Material supplied
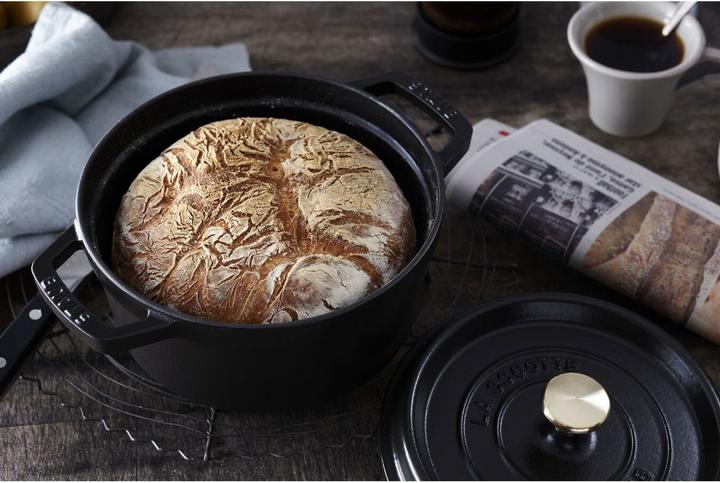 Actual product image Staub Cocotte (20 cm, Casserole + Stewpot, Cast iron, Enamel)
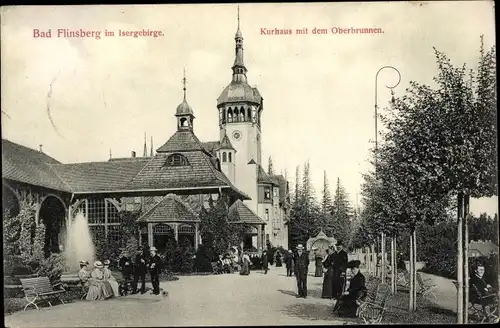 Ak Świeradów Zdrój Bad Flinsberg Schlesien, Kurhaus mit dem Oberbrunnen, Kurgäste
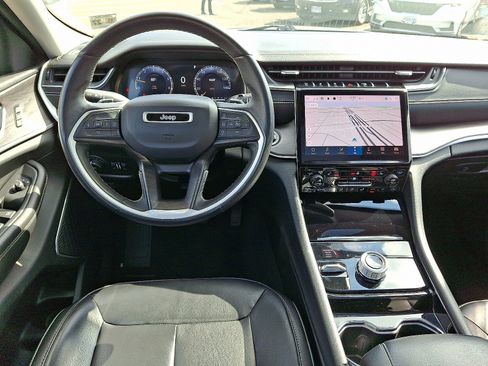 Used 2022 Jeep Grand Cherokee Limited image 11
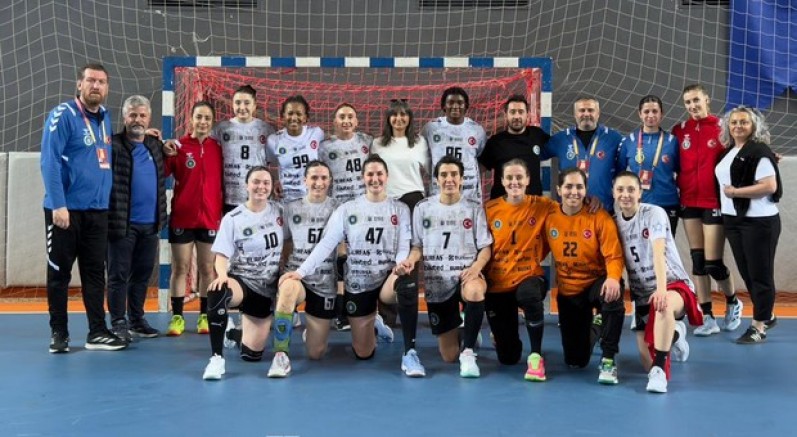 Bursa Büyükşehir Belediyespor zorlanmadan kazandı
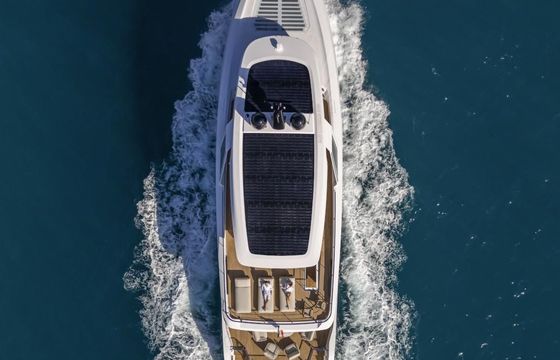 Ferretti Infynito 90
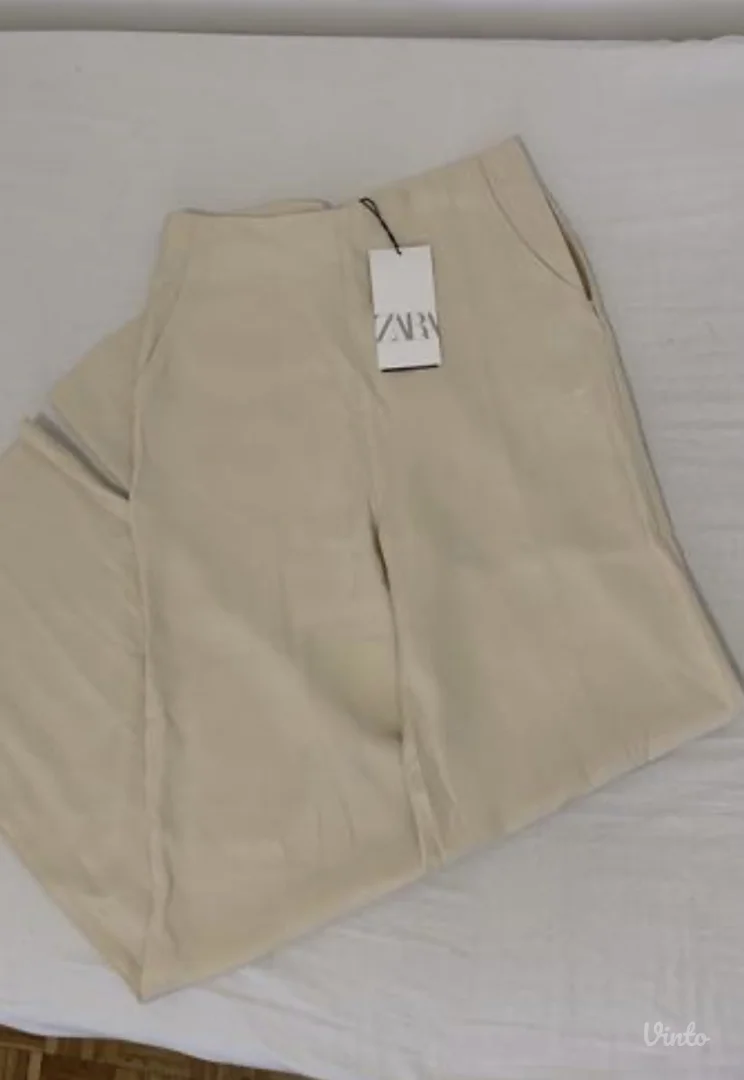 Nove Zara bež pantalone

Problem
Copy exactly, leaving out pictures, the lines from the line containing "Ak Świeradów Zdrój" through the last line of the records.

Completed task
 Ak Świeradów Zdrój Bad Flinsberg Schlesien, Kurhaus mit dem Oberbrunnen, Kurgäste
 Used 2022 Jeep Grand Cherokee Limited image 11
 Bursa Büyükşehir Belediyespor zorlanmadan kazandı
 Ferretti Infynito 90
 Nove Zara bež pantalone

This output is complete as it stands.